● Task prompt:
Your response is a verbatim copy of the listing, stripped of its images.
** Opening Data to examine block **
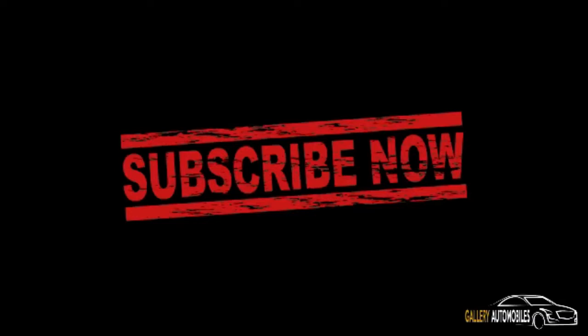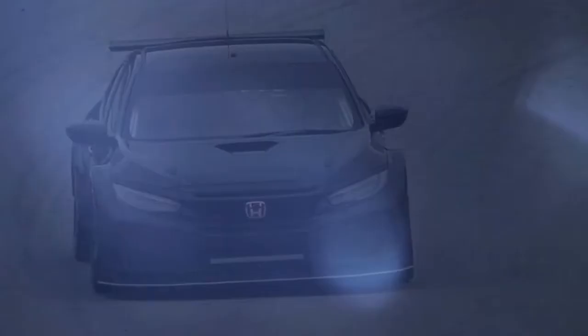Before you watch the video, subscribe to the channel now. Yes, right now.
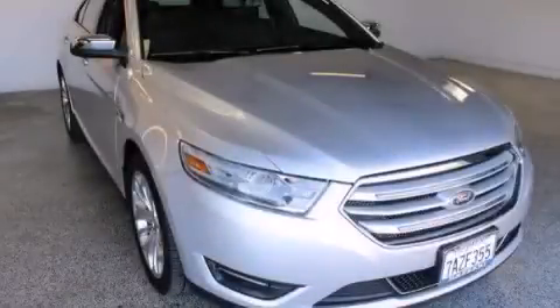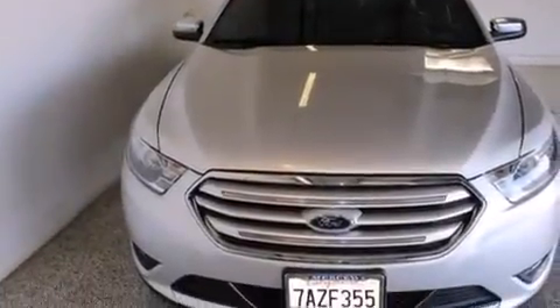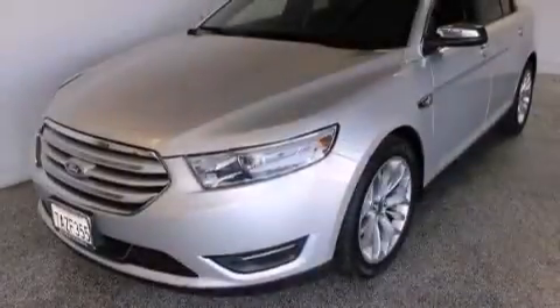This is a 2013 Ford Taurus. This four-door sedan has an automatic transmission and a 3.5 liter V6.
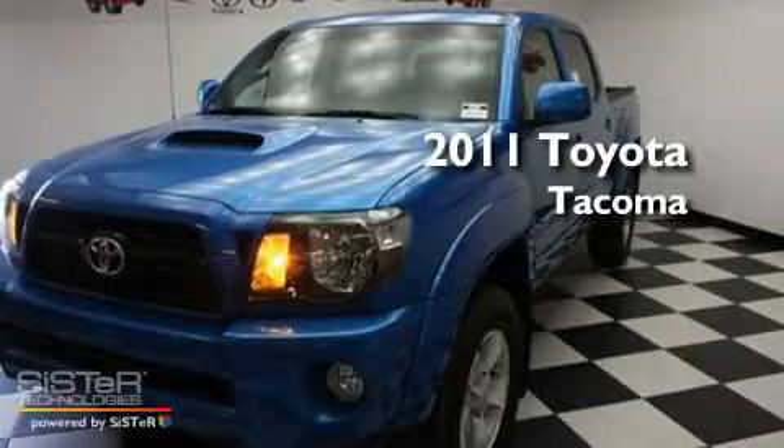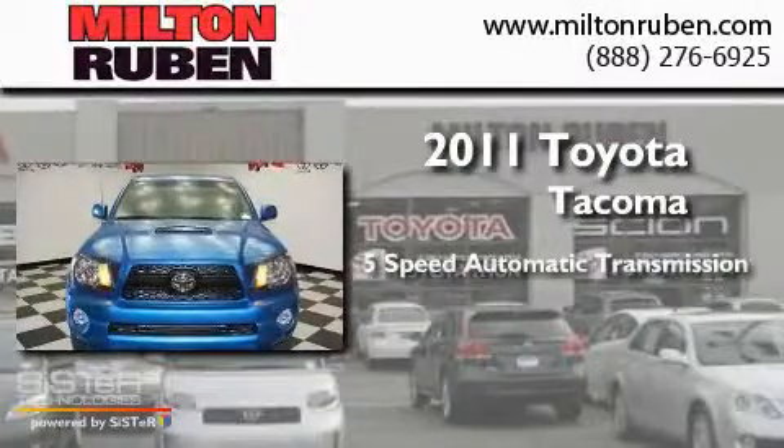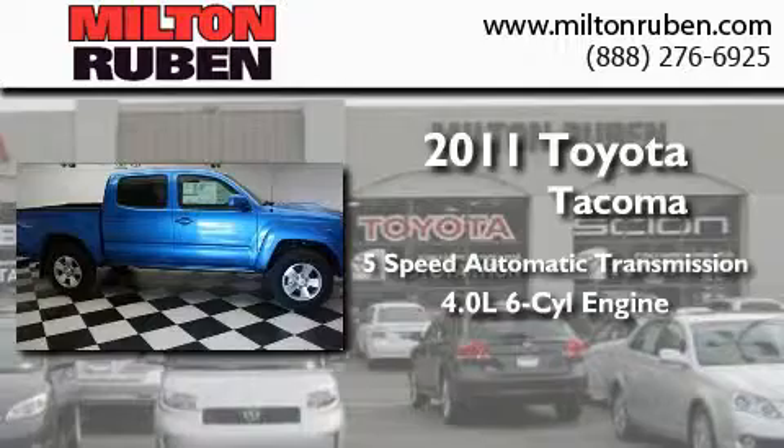This is a brand new 2011 Toyota Tacoma. This truck has a 5-speed automatic transmission and a 4.0-liter V6.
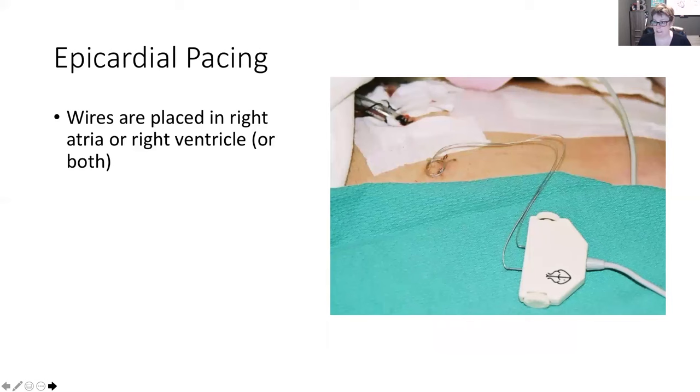Epicardial pacing — these wires are placed right inside the right atrium or right ventricle, and they're done during cardiac surgery, so you would not see this one put in at the bedside. The wires would be visible, tunneled to the anterior chest, and you would see those wires hooked up to their machine.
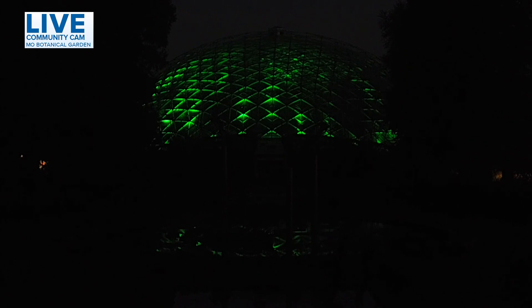We're taking a live look at the Climatron over at the Missouri Botanical Garden. You know that song by Nelly, 'It's Getting Hot in Here'? Well, it's getting stinky in there. Very stinky in there.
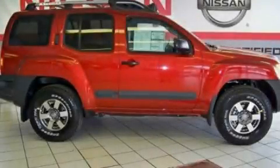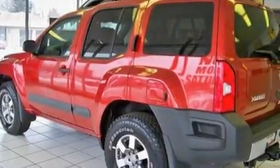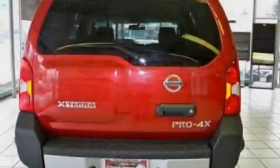This is a 2011 Nissan Xterra, built with trails in mind. It features a 4.0-liter six-cylinder engine and an automatic transmission.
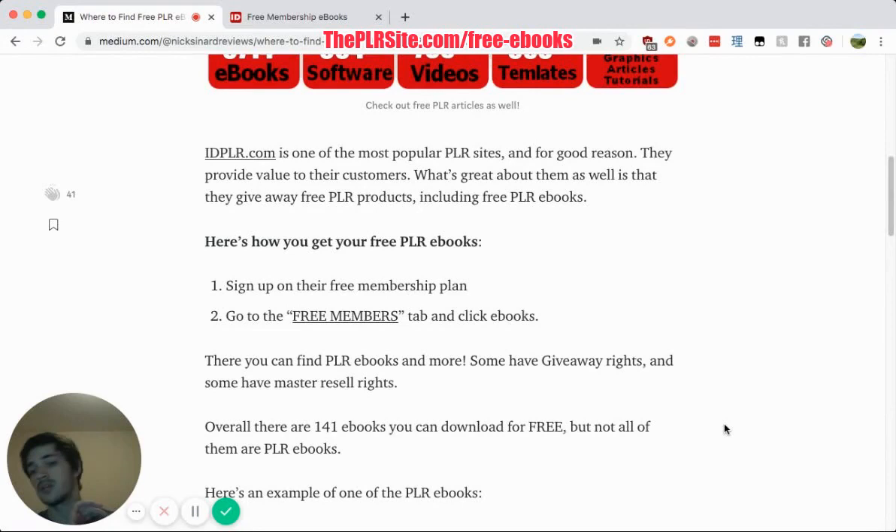All you have to do is go to the free members tab — click any of the links here and you'll go straight to it — and you can sign up for free, absolutely for free. There's no credit card information required, nothing at all like that. You'll just get free content.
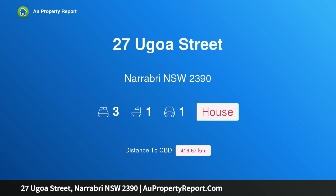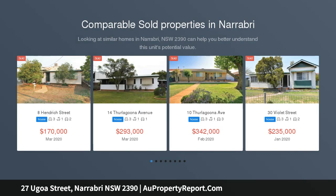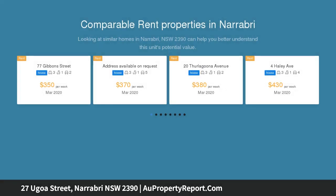Hi, I am glad to introduce property 27 Ugoa Street, Narrabri New South Wales 2390. Ideal first home, affordable living. Carla Baxter Real Estate has the pleasure of offering for sale this tidy 3 bedroom home in Narrabri West, offering comfortable and affordable living.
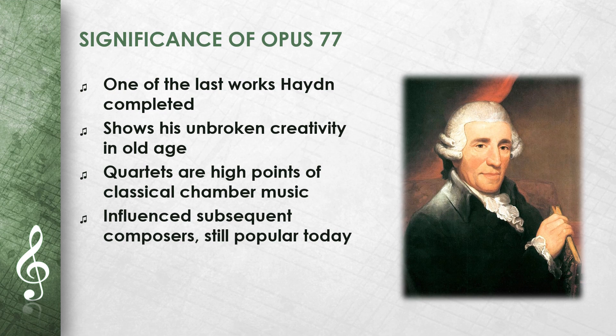Opus 77 is one of the last works that Haydn completed. It shows his unbroken creativity in old age. The quartets are considered highlights of classical chamber music. They influenced subsequent composers such as Beethoven, and are still very popular with musicians and audiences today.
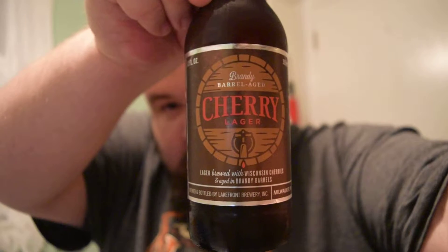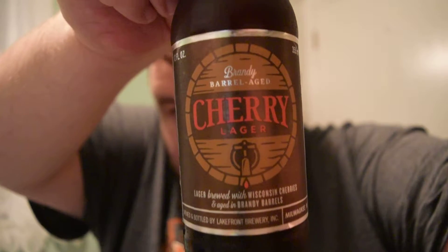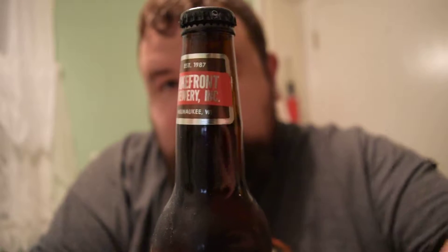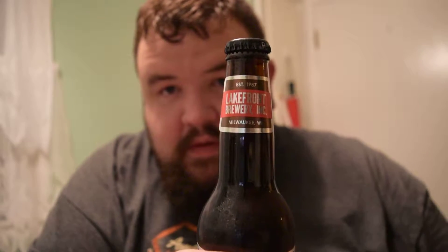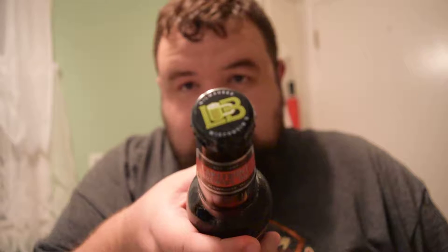So the bottle actually — here we go. Nice cool brandy barrel right there on the label, of course really nothing else. These are custom colored to the brew, the label at the top there. And of course it's got the regular Lakefront Brewery cap.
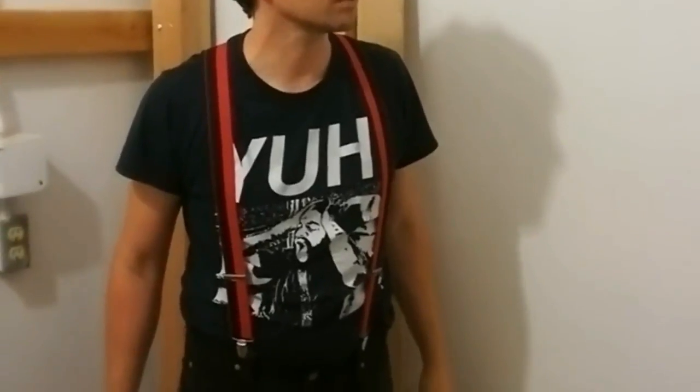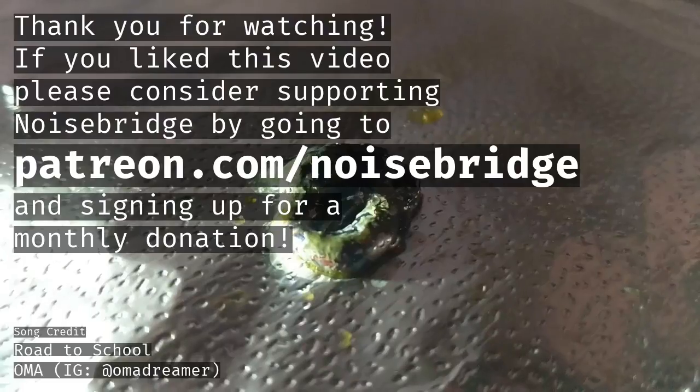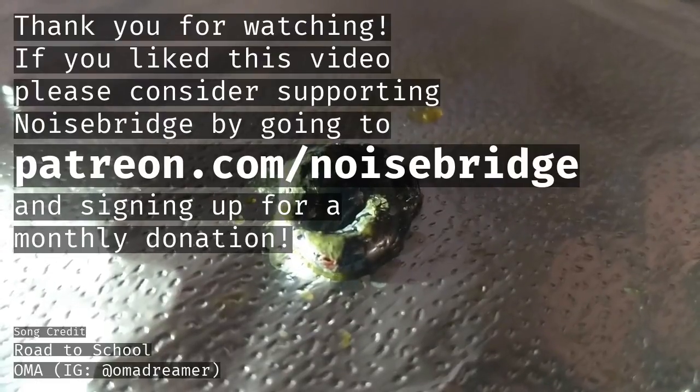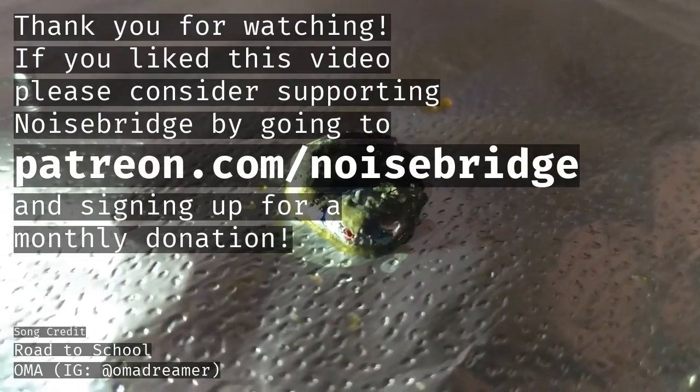Thank you for watching. If you like this video, please consider supporting Noisebridge by going to patreon.com/noisebridge and signing up for a monthly donation.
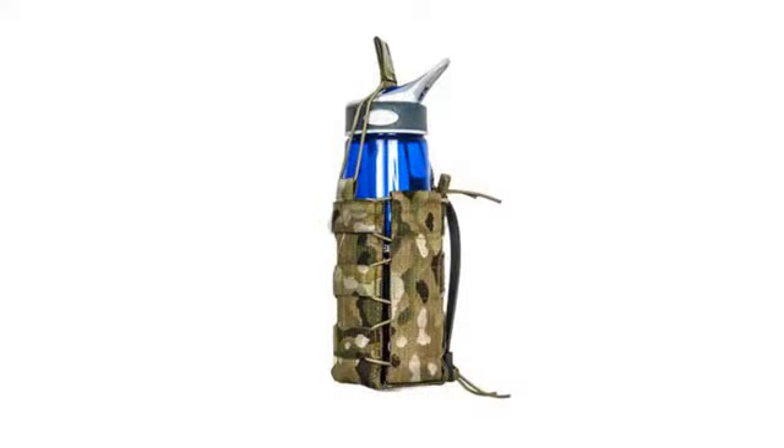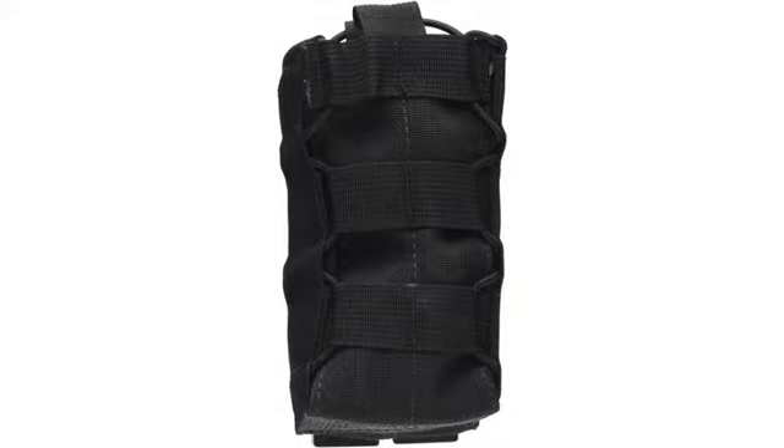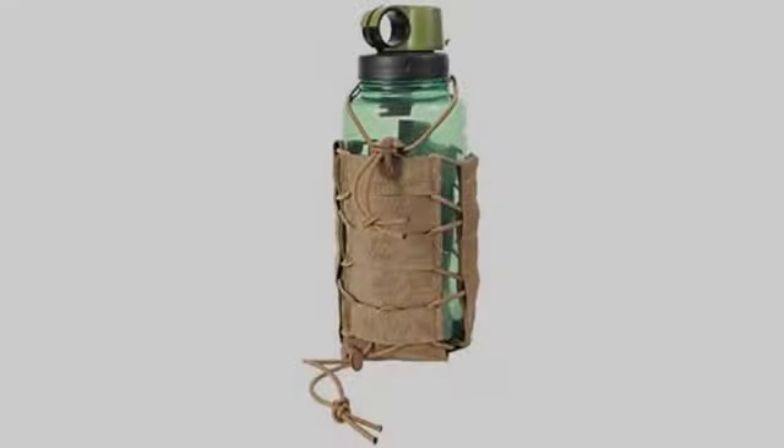Very useful multipurpose pouch. Use this pouch on my vest to hold everything from water bottles, Gatorade, canteens, handheld radios and more. The adjustable elastic makes it very universal. Highly recommended.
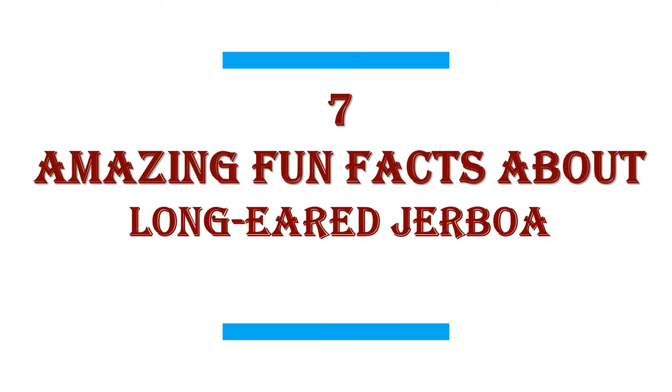In this video I will share with you 7 amazing fun facts about Long Eared Jerboa.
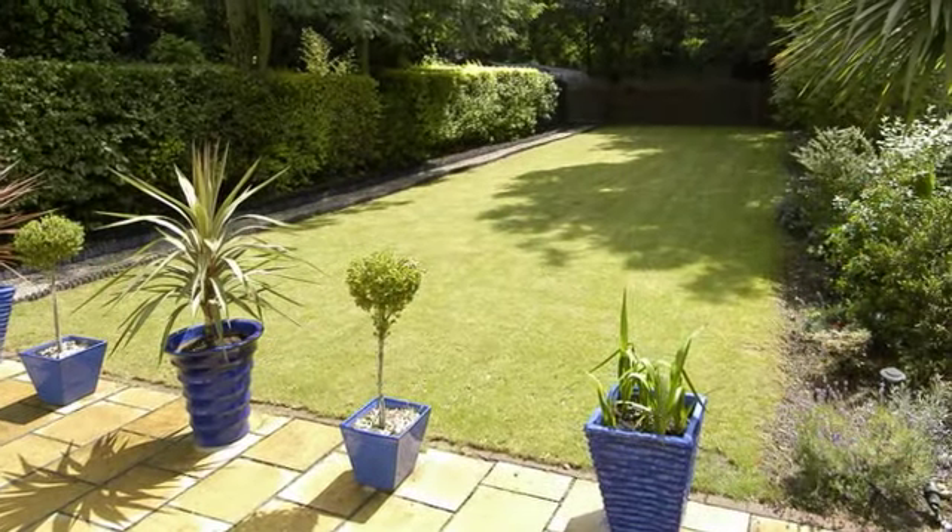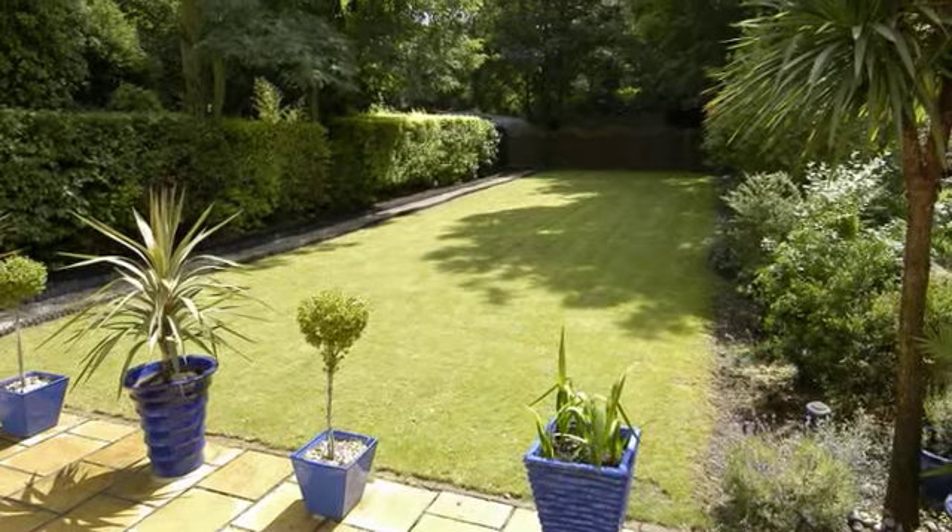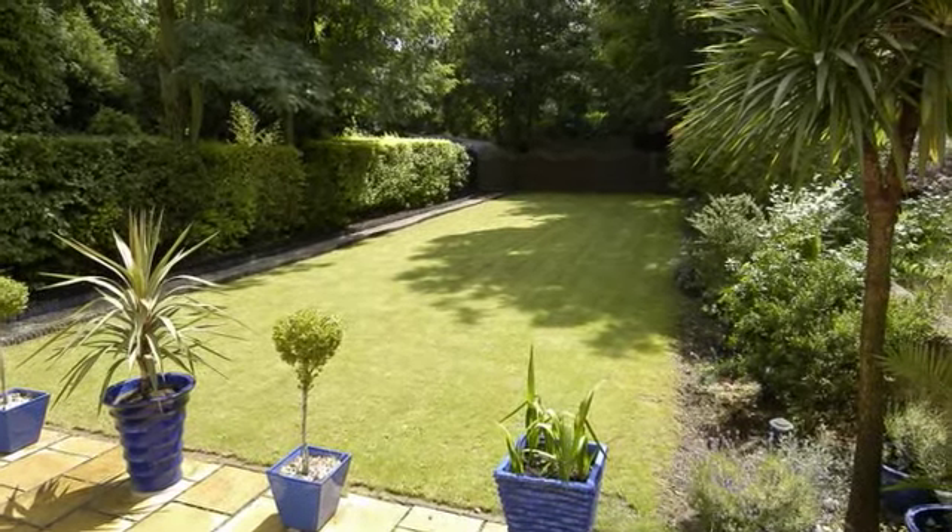The gardens and grounds provide a magnificent setting for the house. On the south and west side of the house there are wide expanses of lawn which slope gently away from the house.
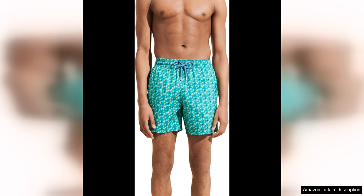Another key feature of these swim trunks is their packability. The Mahina trunks can be easily folded into a small pouch, making them perfect for travel or on-the-go use. Whether you're heading to a tropical vacation or just hitting the local pool, these swim trunks are easy to pack and take up minimal space in your luggage.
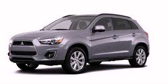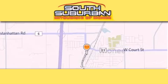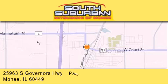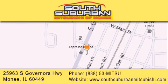Please call us today for more information on this great vehicle. South Suburban Mitsubishi is the number one volume dealer in the Midwest. Visit us online, give us a call, or stop by our dealership. We are conveniently located at 25963 South Governors Highway, just minutes off I-57 in Monee. Get greater value from the store that gives you more. Get more.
** Closing Data to examine block **
● Solution to this exercise:
Before you watch the video, subscribe to the channel now. Yes, right now.
This is a 2013 Ford Taurus. This four-door sedan has an automatic transmission and a 3.5 liter V6.
This is a brand new 2011 Toyota Tacoma. This truck has a 5-speed automatic transmission and a 4.0-liter V6.
Epicardial pacing — these wires are placed right inside the right atrium or right ventricle, and they're done during cardiac surgery, so you would not see this one put in at the bedside. The wires would be visible, tunneled to the anterior chest, and you would see those wires hooked up to their machine.
We're taking a live look at the Climatron over at the Missouri Botanical Garden. You know that song by Nelly, 'It's Getting Hot in Here'? Well, it's getting stinky in there. Very stinky in there.
This is a 2011 Nissan Xterra, built with trails in mind. It features a 4.0-liter six-cylinder engine and an automatic transmission.
All you have to do is go to the free members tab — click any of the links here and you'll go straight to it — and you can sign up for free, absolutely for free. There's no credit card information required, nothing at all like that. You'll just get free content.
Hi, I am glad to introduce property 27 Ugoa Street, Narrabri New South Wales 2390. Ideal first home, affordable living. Carla Baxter Real Estate has the pleasure of offering for sale this tidy 3 bedroom home in Narrabri West, offering comfortable and affordable living.
Opus 77 is one of the last works that Haydn completed. It shows his unbroken creativity in old age. The quartets are considered highlights of classical chamber music. They influenced subsequent composers such as Beethoven, and are still very popular with musicians and audiences today.
So the bottle actually — here we go. Nice cool brandy barrel right there on the label, of course really nothing else. These are custom colored to the brew, the label at the top there. And of course it's got the regular Lakefront Brewery cap.
Thank you for watching. If you like this video, please consider supporting Noisebridge by going to patreon.com/noisebridge and signing up for a monthly donation.
Very useful multipurpose pouch. Use this pouch on my vest to hold everything from water bottles, Gatorade, canteens, handheld radios and more. The adjustable elastic makes it very universal. Highly recommended.
In this video I will share with you 7 amazing fun facts about Long Eared Jerboa.
The gardens and grounds provide a magnificent setting for the house. On the south and west side of the house there are wide expanses of lawn which slope gently away from the house.
Another key feature of these swim trunks is their packability. The Mahina trunks can be easily folded into a small pouch, making them perfect for travel or on-the-go use. Whether you're heading to a tropical vacation or just hitting the local pool, these swim trunks are easy to pack and take up minimal space in your luggage.
Please call us today for more information on this great vehicle. South Suburban Mitsubishi is the number one volume dealer in the Midwest. Visit us online, give us a call, or stop by our dealership. We are conveniently located at 25963 South Governors Highway, just minutes off I-57 in Monee. Get greater value from the store that gives you more. Get more.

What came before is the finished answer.